あぁ、こけるぅ~! 自転車に乗っていると、だれもが思わずこんなヒヤリとする瞬間に遭遇するものである。ふとよそ見をしていて、ちょっと考え事をしていて、路上の石や段差にハンドルを取られて、あるいは急な飛び出しに出会って……などなど、たいていは予期せぬ時にアクシデントはやってくる。少しふらついて危ない目に遭ったくらいならまだしも、派手にこけてしまうと恥ずかしいし、何より自分や周囲に怪我などの被害が及ぶなら大変なことになりかねない。

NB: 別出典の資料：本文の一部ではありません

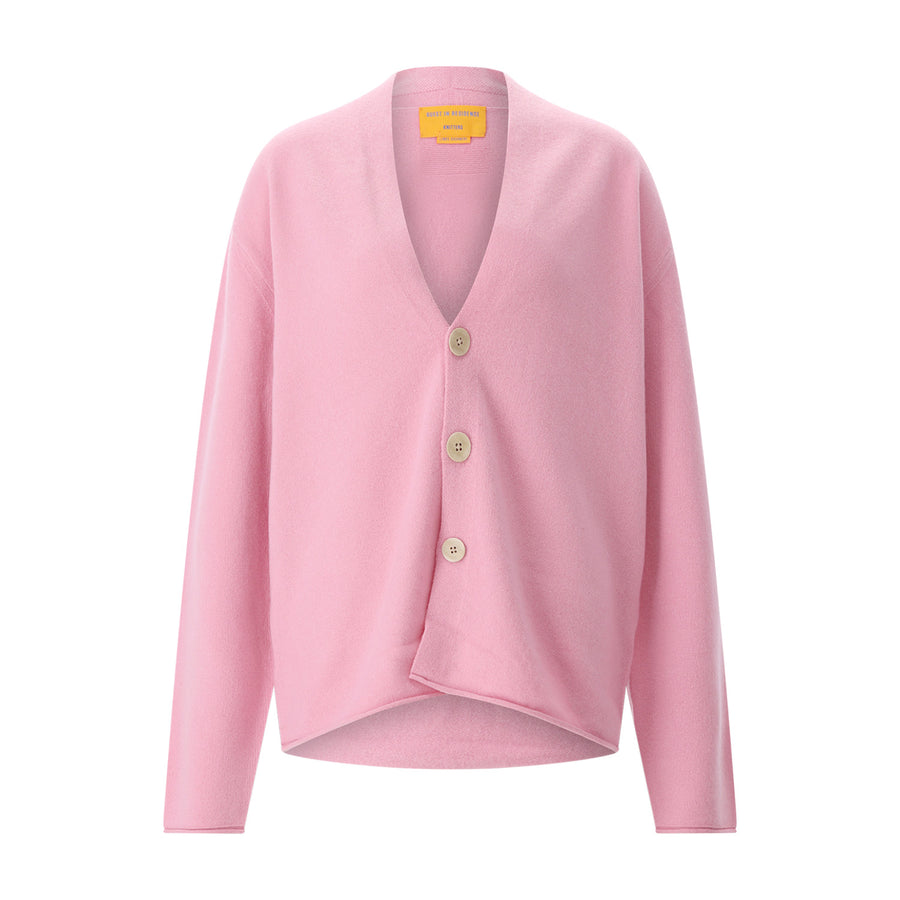 Guest in Residence Strickjacke aus Kaschmir Damen
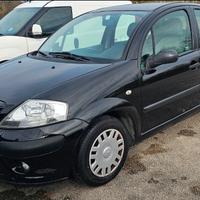 Citroen C3 1.1 Classique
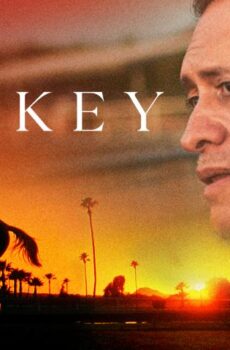 فيلم Jockey 2021 مترجم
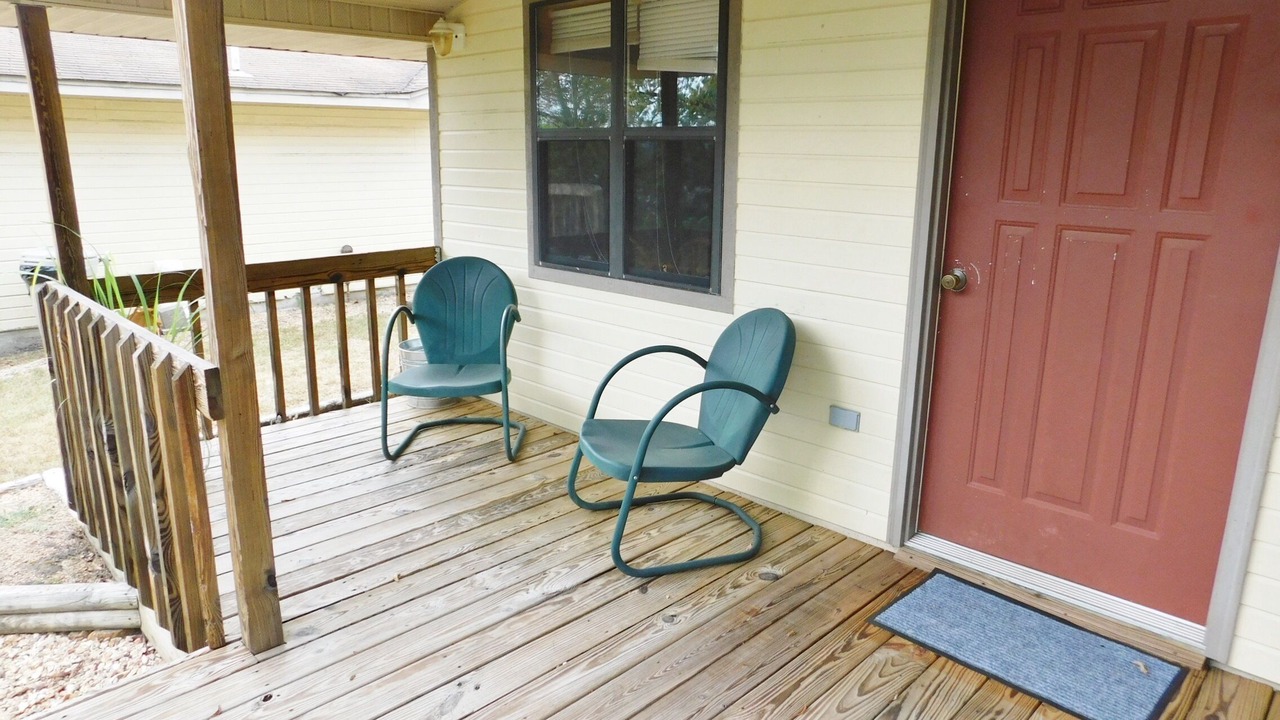 Photo of Outdoor in Mountain Home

しかしながら、そんな心配をする必要のない、最新の技術を搭載する自転車の研究開発が進められているという。今回のレポートでは、大阪府立大学工学部航空宇宙工学科の砂田茂助教授および得竹浩助手が中心となって進めている、大阪府堺市の産官学連携プロジェクト「スマートサイクル」の実態に迫ってみようと思う。

自転車の街・堺で

古くから刃物の名産で知られた堺は、その伝統的な鍛冶職人が腕を振るって、戦国時代には鉄砲の大量生産地として有名になり、明治以降はその技術を活かし、自転車産業が盛んになったとされている。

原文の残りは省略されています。